Image analytics has been applied for lesion detection in multiple organs as well as on histopathology images for identifying markers for cancer diagnosis and dosage optimization. Neural networks are optimized to handle these large images on mobile devices. Patients must upload an image of the affected area (like external lesions), and first-level analysis can be done on a mobile device. If the diagnosis is above a set threshold, it can be sent to the cloud for detailed imaging analysis or to healthcare professionals for review. These apps can further facilitate the sharing of these images with healthcare professionals for faster viewing and interpretation, expediting the diagnosis.
The image analytics platforms can be developed into web services or mobile apps where patients, healthcare professionals, or hospitals can upload the imaging data, which can be stored in the cloud, where AI-ML models can analyze the data. The companion app can communicate the outcomes with healthcare professionals or oncologists. The increasing demand for digital solutions and computer-aided diagnostics also opens a market potential for imaging analytics software.
A key aspect of continuum care and longer treatment regimens is the patient’s mental health, including stress, anxiety, and depression.
Digital companions can provide mental health tools for self-care; these include gamification and immersive patient interaction options. An emotional well-being companion may consider the analysis of a user’s audio, video, and text to provide timely alerts and gamified interventions when urgent attention is needed.
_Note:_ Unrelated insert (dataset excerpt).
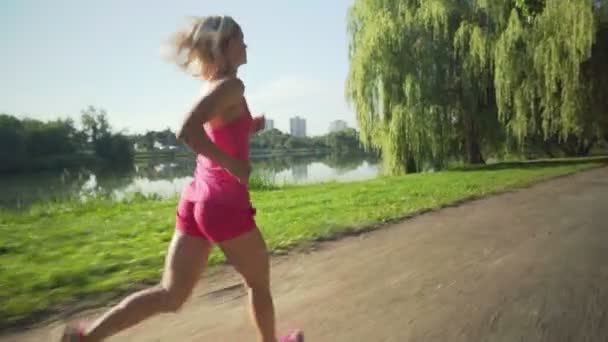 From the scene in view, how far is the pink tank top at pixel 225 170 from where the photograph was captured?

These interventions can be suggested based on an individual’s geolocation as well as hobbies or interests for a more personalized experience.
Digital companions can be augmented with technology enabling healthcare professionals to monitor remotely and take prompt action.
HCP-patient interaction can be facilitated using remote monitoring and immersive modalities, such as:
Telemedicine: Companion apps provide an option to schedule virtual or physical appointments with healthcare professionals or specialists depending on the patient’s condition. The app also offers features to remind the patients of appointments. Further, the outcomes of remote monitoring modalities can be automatically conveyed to the healthcare professional to enable quick action in case any discrepancies are observed.
Patient engagement using AR-VR: Immersive options, delivered though augmented reality (AR) and virtual reality (VR) solutions can be used to educate patients – in an interactive manner – about their condition and the treatment they are being provided. Virtual interactions between patients and healthcare professionals, as well as telemedicine, are possible using avatars, which offer a more realistic experience, improving patient adherence. Immersive options that can motivate patient adherence toward treatments using gamification and interactive methods for better engagement can be explored.
Digital companions and remote monitoring are also being explored by pharma companies as ways to evaluate the medical products in the market and the continuum of care for patients. The enablers (including point of care, use of bio twins, imaging data, and the like) can be applied by pharma companies as digital companions to the treatment procedure in the continuum of care. They provide objective individual outcomes and real-world data that pharma companies can use as a guide to design personalized treatment regimens as well as monitor adverse outcomes.
Real-world data can be analyzed to generate real-world evidence to assess the long-term efficacy or side effects of a drug beyond traditional clinical trials and epidemiological studies. Further, these enablers can be used in point-of-care settings facilitating the immediate tracking and recording of outcomes. Improving patient experience and understanding their treatment using cutting-edge technologies, including gamification, AI-ML, AR, and VR, can also improve adherence toward treatment thereby, improving outcomes and business impact of a drug or medical product.